**Exercise aim**
Omit all pictures, then retype exactly the lines from the one that contains "IV rank is nine." through the end of the listing.

----- Information supplied

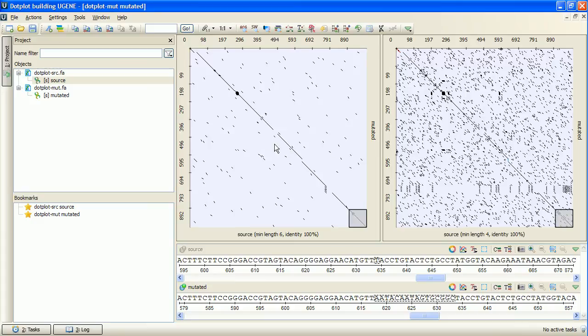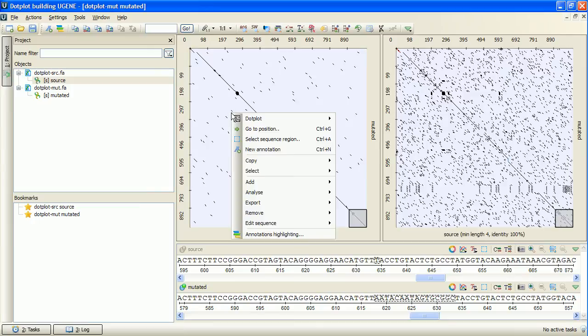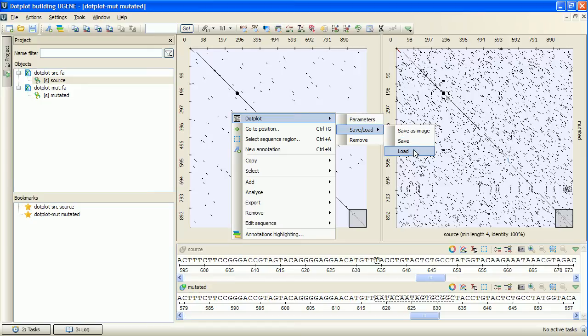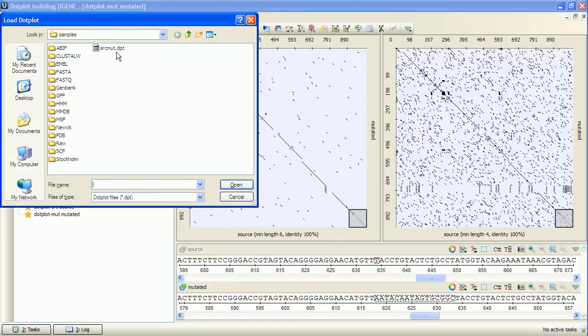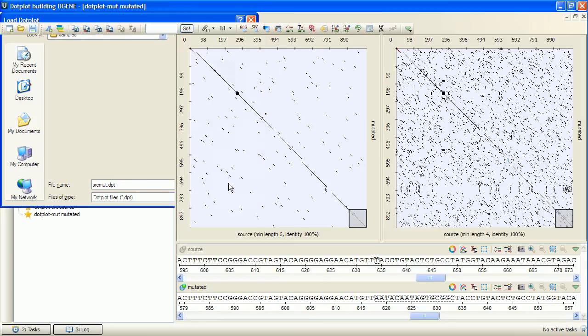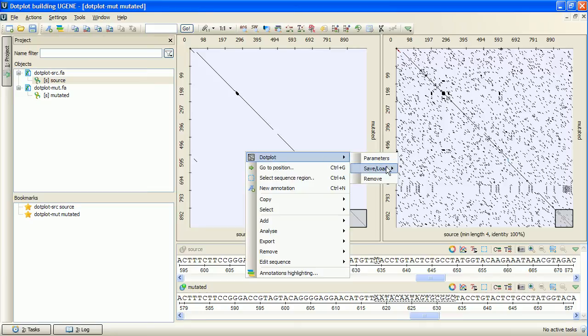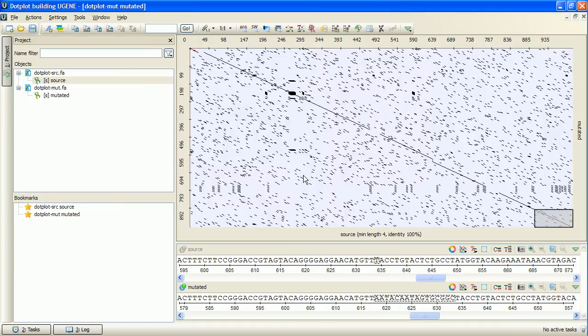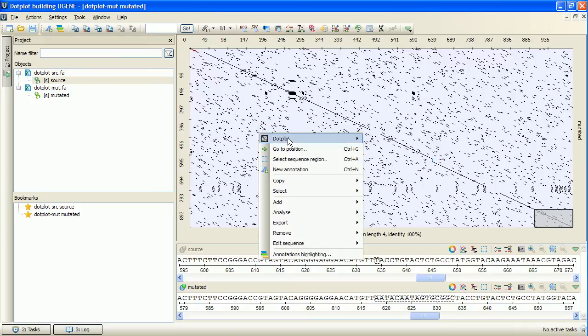Now I can save the dotplot as an image or in a native format by right-clicking at the view and selecting dotplot save/load items. A dotplot saved in native format can be loaded from the dotplot view. Unnecessary dotplot views can be unloaded by selecting dotplot remove. Note that the parameters of a built dotplot can be adjusted by activating the dotplot parameters menu item.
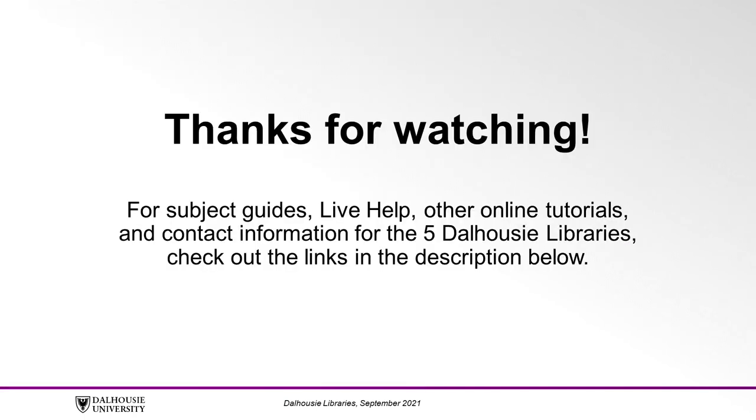For subject guides, live help, other online tutorials, and contact information for the five Dalhousie Libraries, check out the links in the description below.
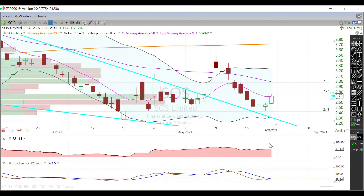IV rank is nine. You have right around a 25-cent expected move by this Friday, next Friday right around a 35-cent expected move, and if you go all the way out to your August monthlies, right around 50 cents is what everybody is pricing in. IV rank is relatively low to itself and it looks like everything is fairly cheap because of that.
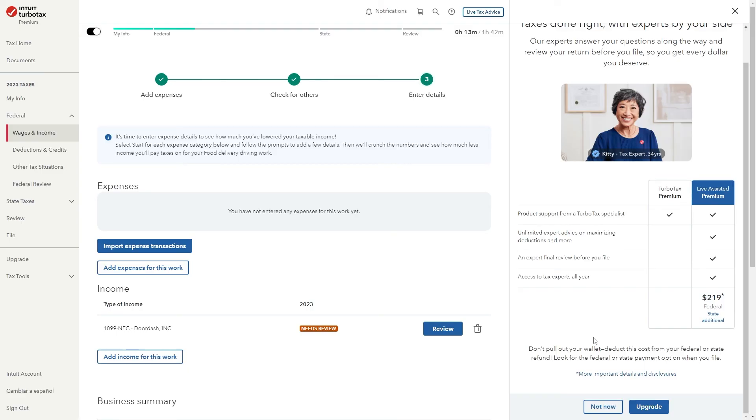So that's how you can file DoorDash taxes on TurboTax. I hope you found this video helpful and thanks for watching.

----------

**Solved problem**
IV rank is nine. You have right around a 25-cent expected move by this Friday, next Friday right around a 35-cent expected move, and if you go all the way out to your August monthlies, right around 50 cents is what everybody is pricing in. IV rank is relatively low to itself and it looks like everything is fairly cheap because of that.
So that's how you can file DoorDash taxes on TurboTax. I hope you found this video helpful and thanks for watching.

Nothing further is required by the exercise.